# Bumper fit question



## RoadRage (May 19, 2012)

I am planning on ordering the "Trinity" bumper but had questions regarding fitmet. 
View attachment 6195


I would like to order a grill from the 09-11 Holden Cruze and would like to know what complications would arise? Also, that is that little hole above the passenger fog area? Where can I get that plug?

Last, do I need the bumper removed to change the headlights?


----------



## TechCruzer (Mar 15, 2012)

RoadRage said:


> I am planning on ordering the "Trinity" bumper but had questions regarding fitmet.
> View attachment 6195
> 
> 
> ...


You'll have no choice but to buy a Holden middle grille since this bumper has no bar across the top where the US has the bowtie... in the end you may have to buy an entire front end. That hole is the port for the recovery hook which the US Cruze does not have... I suspect the reseller expects a one for one exchange with an existing Holden that you would just move the cover over to the new bumper, otherwise you'd probably need to search the net for a replacement or fill the hole with bondo, etc. Yes, you would need to remove the bumper to replace the headlights... so might be good to have your replacements ready at the time of the bumper swap.


----------



## RoadRage (May 19, 2012)

The grill in question was this grill for the non phase II style Cruze
View attachment 6196

If not, what grill will fit without modification.


----------



## RoadRage (May 19, 2012)

Upon reading some older posts I believe I read somewhere that the bumper should bolt right on.

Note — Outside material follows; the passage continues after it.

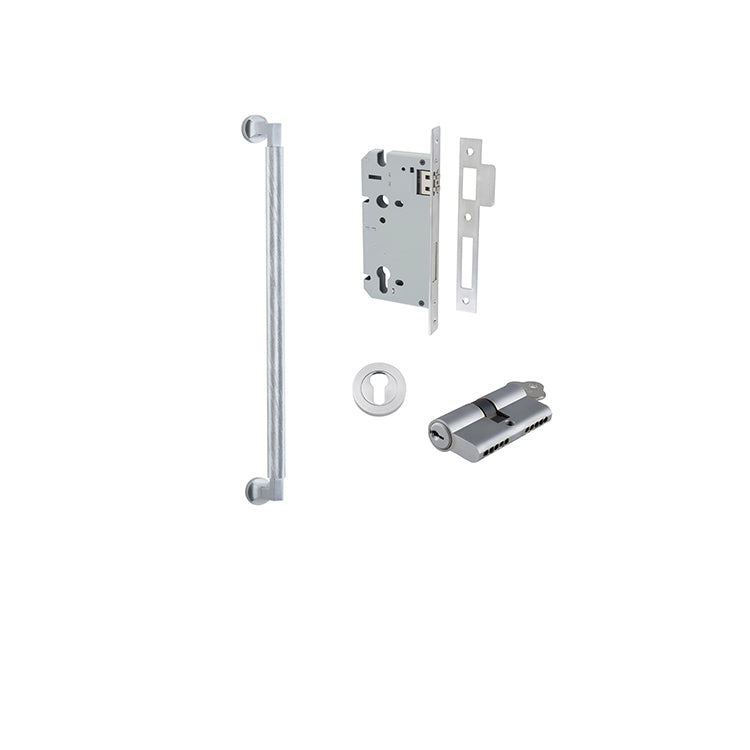 Iver Pull Handle Brunswick Brushed Chrome CTC450mm Key / Key Entrance Kit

I guess I can just source a tow-hook from an overseas dealer instead of going the bondo route. My question is, what is the "middle grill"? Is the grill pictured above able to be fit onto the desired bumper?


----------



## SiK GambleR (Jan 24, 2012)

I would go the bondo way personally. If you have a body shop paint it they may as well fill it in and you will never see the difference/have a plug in your bumper.


----------



## Smurfenstein (Nov 16, 2011)

If you purchase the holden bumper with the grill you posted they will fit together. The "middle" grill that X is referring to is the main grill on the US Cruze.

On the US Cruze front bumper, you have two grills that are separated by a bar that contains the Chevy logo. The bigger of the two grills that are separated is referred to as the "middle" grill. 

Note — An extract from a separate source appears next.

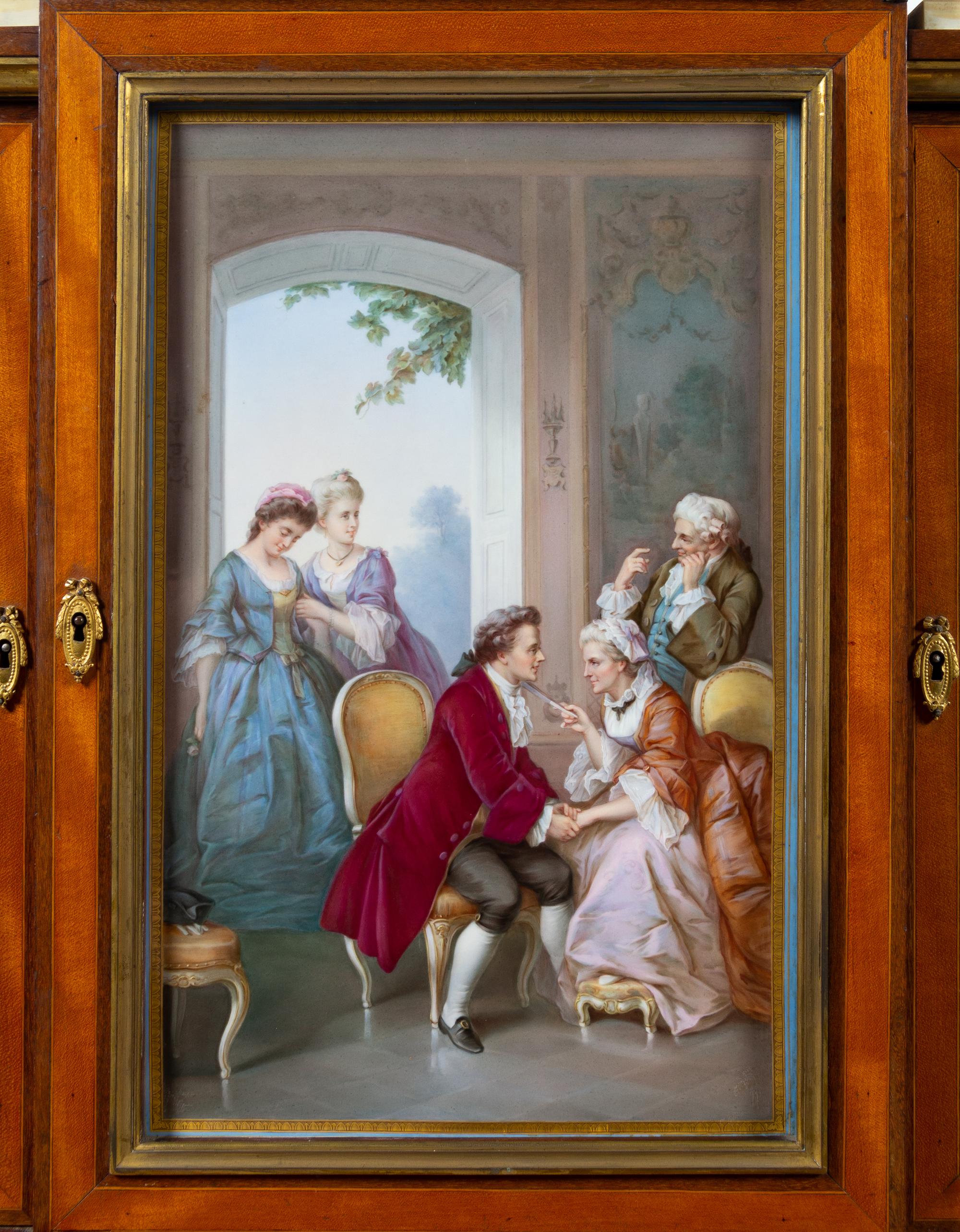 A Louis XVI Style Gilt Bronze and Meissen Porcelain Mounted Marquetry Secrétaire Bibliothèque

On the Australian Cruze, or "Holden" Cruze, they have no bar across the front that displays the Holden logo; so they have only one front grill.

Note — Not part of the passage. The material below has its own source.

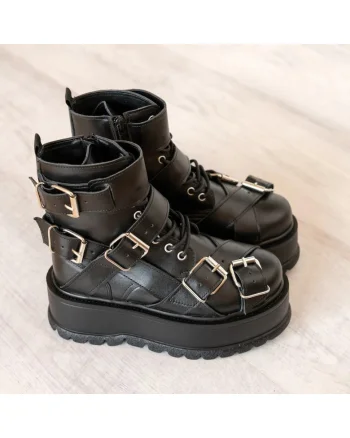Ghete din piele cu talpa wedge si catarame Heavy Duty, Negru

In short, if you want a grill thats not US specs, you more than likely have to have a non US spec bumper to fit it on. And if you have a US spec grille, you need a US spec bumper. So no mix and matching; you either go ******* or kangaroo. Your choice.


----------



## Mick (Dec 31, 2011)

I don't even know that last line means but it sounds funny. I think I may be going the ******* route.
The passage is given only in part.